#### Data section:
—————
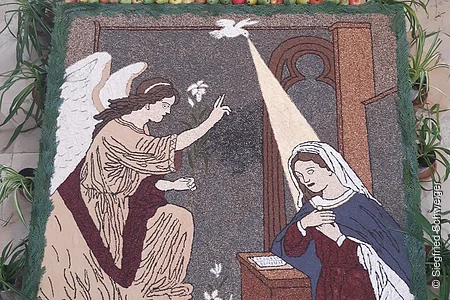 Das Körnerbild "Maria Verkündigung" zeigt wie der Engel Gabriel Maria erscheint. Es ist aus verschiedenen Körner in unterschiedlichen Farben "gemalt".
—————
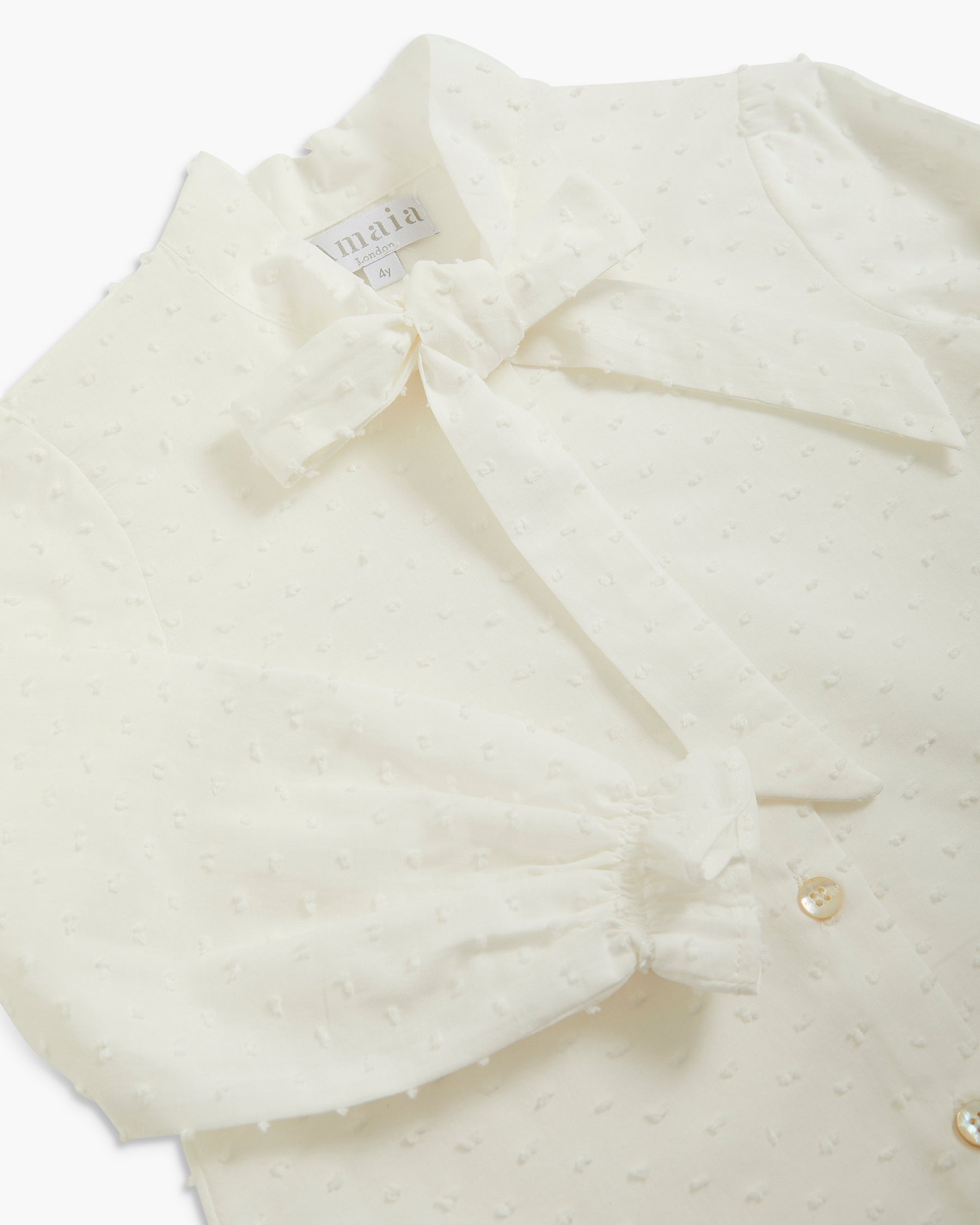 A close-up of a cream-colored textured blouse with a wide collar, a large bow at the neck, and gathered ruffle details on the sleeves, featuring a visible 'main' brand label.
—————
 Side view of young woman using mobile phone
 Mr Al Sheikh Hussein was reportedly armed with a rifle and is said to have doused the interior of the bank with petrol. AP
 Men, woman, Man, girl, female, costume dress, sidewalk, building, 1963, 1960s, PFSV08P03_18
—————
#### Exercise requirements:
Please transcribe only the lines in the records above running from the line that has "Side view of young woman using mobile phone" through the line that has "Men, woman, Man, girl, female, costume", both included, exactly as they appear.

#### Written response:
 Side view of young woman using mobile phone
 Mr Al Sheikh Hussein was reportedly armed with a rifle and is said to have doused the interior of the bank with petrol. AP
 Men, woman, Man, girl, female, costume dress, sidewalk, building, 1963, 1960s, PFSV08P03_18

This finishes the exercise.